Following the release of the video, the group promoted the release for their debut album The Palpable Leprosy of Pollution, which was released on 12 December 2012 (12/12/12). The idea to release the album on 12/12/12 was an idea pitched by Watson, which the band loved. However, Watson retrospectively has expressed regret for such a release date as it caused him to rush his work in order to get the album released on time, leaving him ultimately unhappy with the end result of his vocals.

Watson left the band in late 2013 and publicly announced his departure from the band 22 February 2014. He later explained that he left the band because he did not feel like an equal compared to the other two members, and also because he was upset over the two members agreeing to a contract without consulting his input first. After his leaving, Watson would later form the Washington-based deathcore group Enterprise Earth with guitarist BJ Sampson.

Dickie Allen and The EGG (2014–2017) 
In late 2014, while he was drumming for fellow UK band Desolated during their first US tour, Kitcher met vocalist Dickie Allen in person for the first time. The tour line-up included the band Traitors, who had brought Allen, a close friend, along with them on the tour. Hearing Allen's vocals in person convinced Kitcher that he was a good fit for the band. Infant Annihilator announced via social media on 1 June 2016 that they had brought on Dickie Allen as their new vocalist.
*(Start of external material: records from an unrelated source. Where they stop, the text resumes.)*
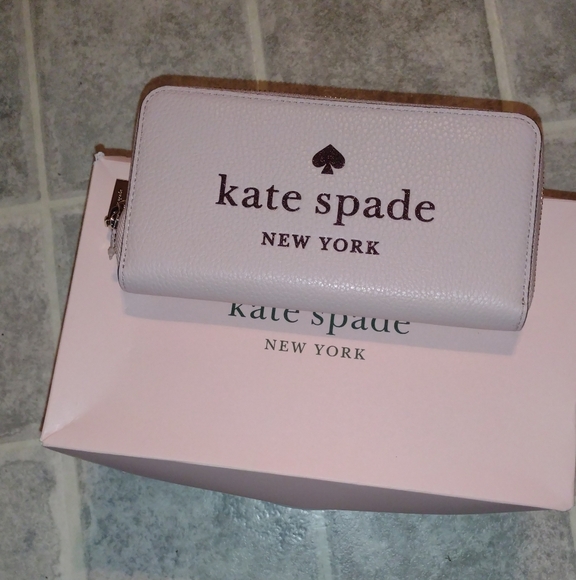 kate spade Handbags - NWT KATE SPADE WALLET
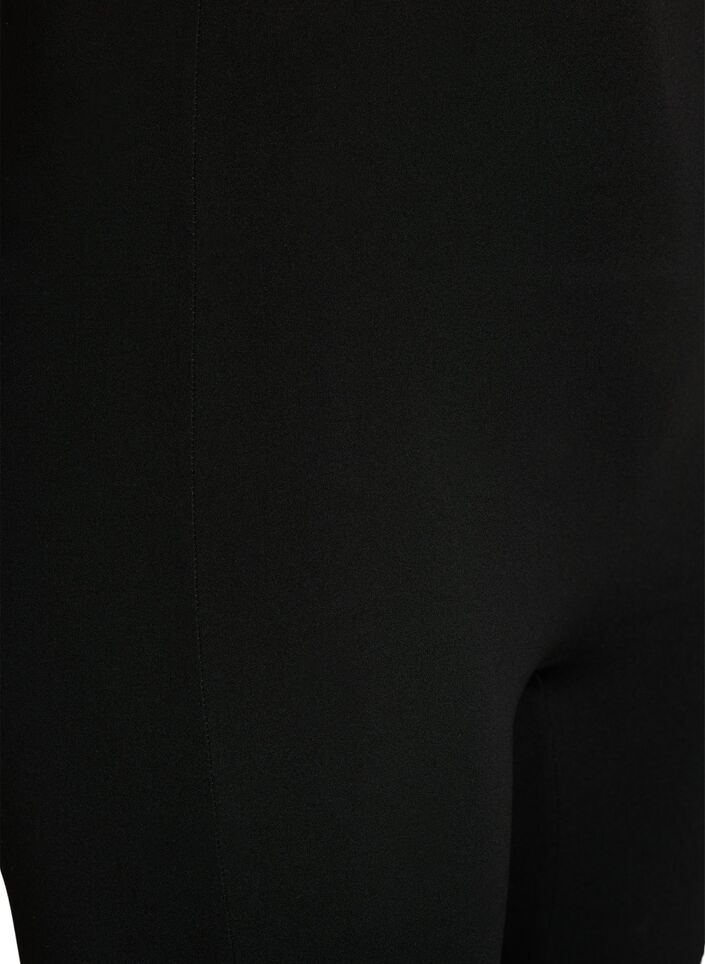 Pitk&auml;lahkeiset kevyet shapewear-shortsit, Musta, Packshot image number 2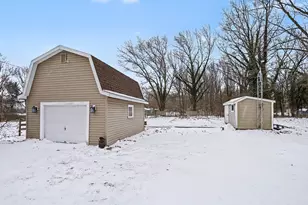 2844 W Glenlord Rd, Stevensville, MI 49127 - Photo 26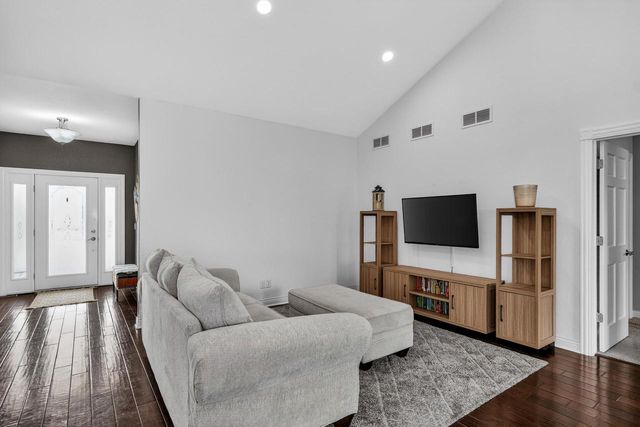 269 W Nelson Street, Deerfield, WI 53531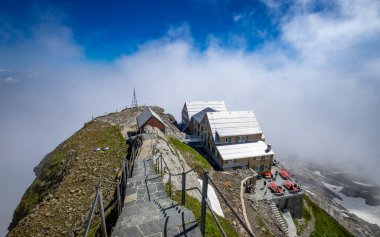 İsviçre 'de Saentis' in tepesine yakın bir pansiyonda.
Infant Annihilator's second album The Elysian Grandeval Galèriarch (abbreviated The EGG) was officially released 29 July 2016. The album was Infant Annihilator's first to chart, making it onto several Billboard charts, including the Top Heatseekers, Independent Albums, Top Album Sales, Top Rock Albums, and Top Hard Rock Albums charts.

Third album The BOY (2019–present) 
On 25 July, Infant Annihilator posted a music video for their first single "Three Bastards" to YouTube, along with the upcoming album’s release date, title, art, track list, and preorder information. The Battle of Yaldabaoth (abbreviated The BOY) was released on 11 September.
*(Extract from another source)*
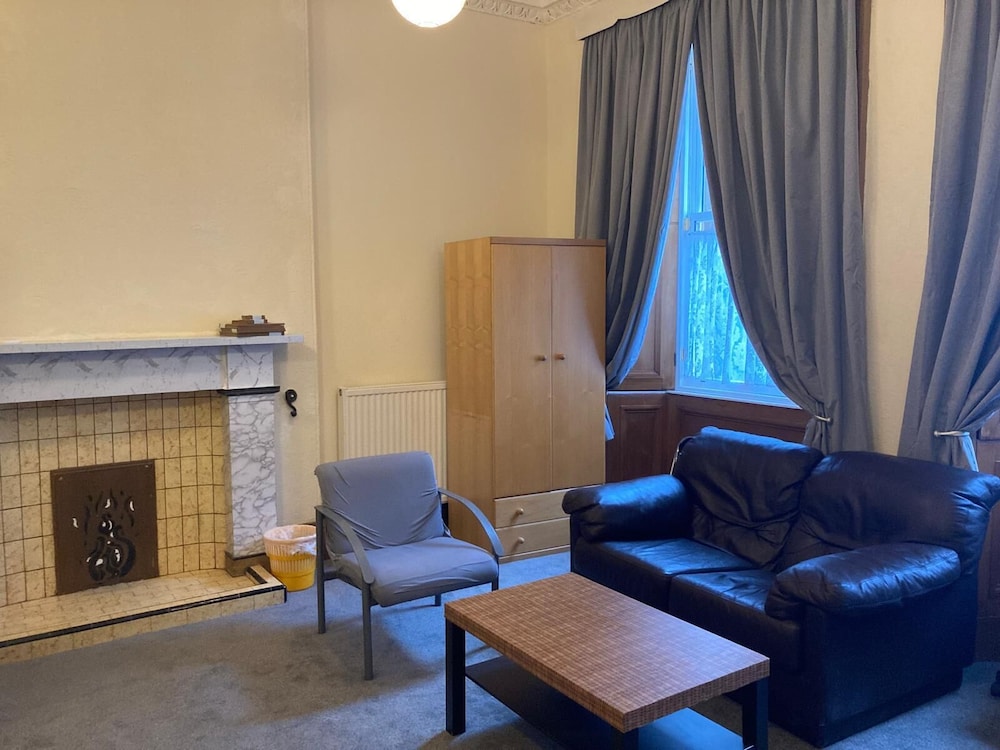 GILMORE FLAT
Musical style and influences
Infant Annihilator's musical style has been described as both deathcore and technical death metal. Their lyrical content is intentionally extreme and covers controversial topics such as rape, paedophilia, murder, infanticide, "mass programming", religion, cult, and the Catholic Church. These topics are derived from the history of sexual abuse in the Catholic Church. In September 2017, their music was deemed "too offensive" and was pulled from the online music streaming platforms Spotify and iTunes as a result. They were soon returned to both platforms after three days.

They have listed various subgenres of death metal and hardcore punk to be influential to their music, including: deathcore, slam death metal, technical death metal, “down-tempo hardcore”, grindcore and mathcore.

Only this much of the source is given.